Ero lì, cercando rifugio nel Metrò, assordato da sirene, urla e messaggi recitati da altoparlanti gentili ma incomprensibili, di un idioma dolce e musicale ma per me sconosciuto, tenendo per mano mia moglie, guardandola negli occhi per sussurrarci senza parole che avremmo potuto non tornare, che la nostra cucciola avrebbe potuto restare da sola, lontana, senza nemmeno sapere il perchè... così come senza perchè altri cuccioli in quel momento restavano straziati, su un pavimento freddo, distante, troppo distante maledizione!, dal calore delle loro famiglie.

Sono stato lì, siamo stati lì, nelle ore seguenti, in cui una città si è chiusa, spegnendo le luci, chiudendo i portoni, lasciando per strada solo soldati in assetto di guerra e formazione tattica a camminare nel vento, mentre i pochi passanti, addossati a muri incrostati da scritte e graffiti metropolitani, tentavano di essere loro stessi pietre, strada, catrame.
Siamo stati lì, cercando del cibo che ci scaldasse in quelle ore d’angoscia, a litigarci l’ingresso.
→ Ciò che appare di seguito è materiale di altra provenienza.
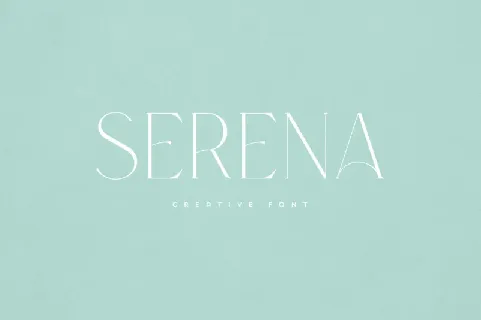 Serena font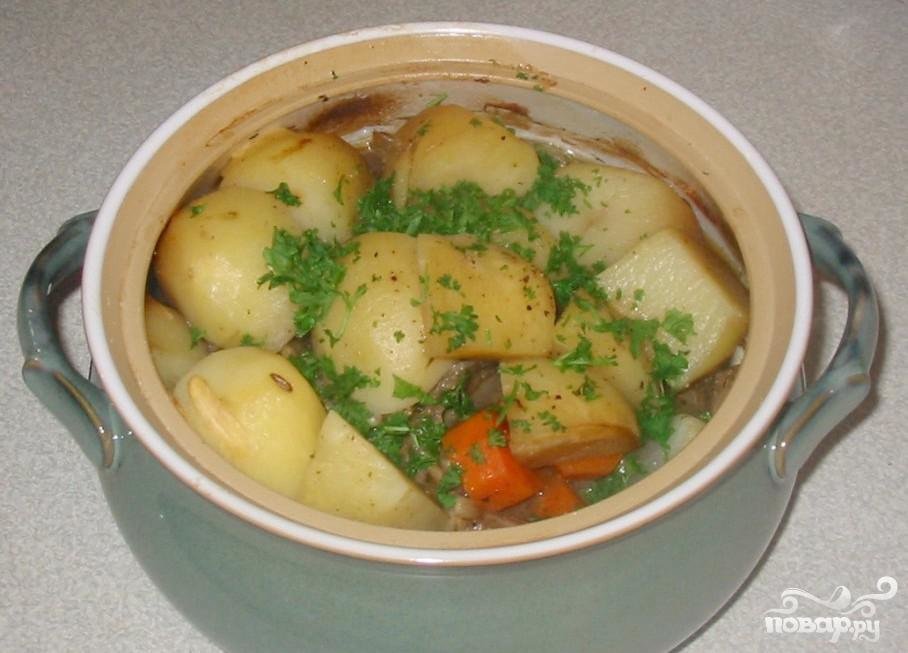 картошка с тушенкой фото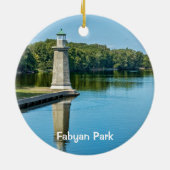 Fabyan Windmill und Fox River 2 Keramikornament (Hinten)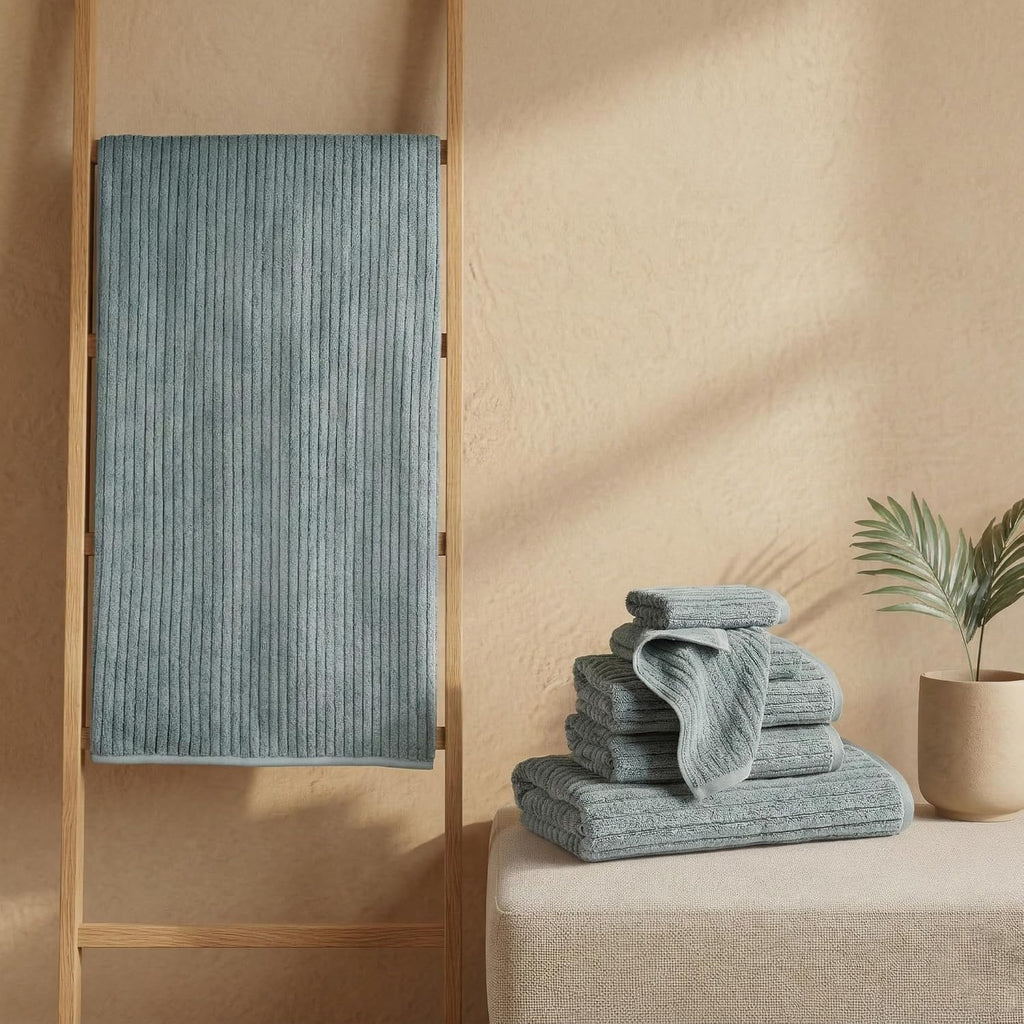 Organic Cotton Ribbed Towel Set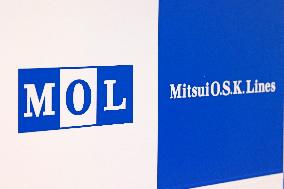 Mitsui O.S.K. Lines signboard and logo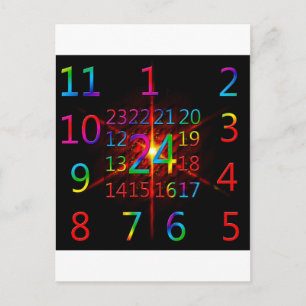 Carte Postale Calendrier de l'arrivée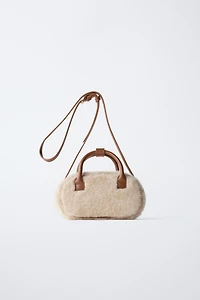 FAUX FUR BOWLING CROSSBODY BAG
Entro io, tu sei più importante... se succede qualcosa nostra figlia ha bisogno di te; no, lo sei tu, vado io. Non eroismo ma rassegnata accettazione di un rischio incombente, grave, impossibile da determinare.

Ed ancora siamo stati lì quando, il giorno del giorno dopo, la rabbia per una violenza inumana ha spalancato i portoni, sfondato transenne, riversato uomini e donne in strada, col desiderio di non essere vivi già morti, ma di testimoniare col sangue e la carne che la vita dev’essere libera, che la gioia, la tenerezza, l’amore, devono vincere sul sangue e sulle membra squartate. Terrorizzati ma coraggiosi, tutti per strada, al sole, perchè è meglio piangere pallidi, camminando tremanti ma a testa alta che rintanati al sicuro, sconfitti dalla paura e dalla vergogna.

Ora... ora sono qui, fra le mura protette di casa.

Ma il mio cuore è ancora in quella città, fra quelle strade, con quelle persone, fratelli e sorelle di sangue e dolore e terrore. 

Da oggi io sono parigino, je suis parisienne, io sono chiunque sia offeso, usato, minacciato, ucciso, e voglio urlarlo nonostante la mia umanissima paura, perchè nessuno mai potrà riuscire a farmi essere come non voglio, a farmi odiare, a farmi rinunciare, a farmi nascondere. Mai.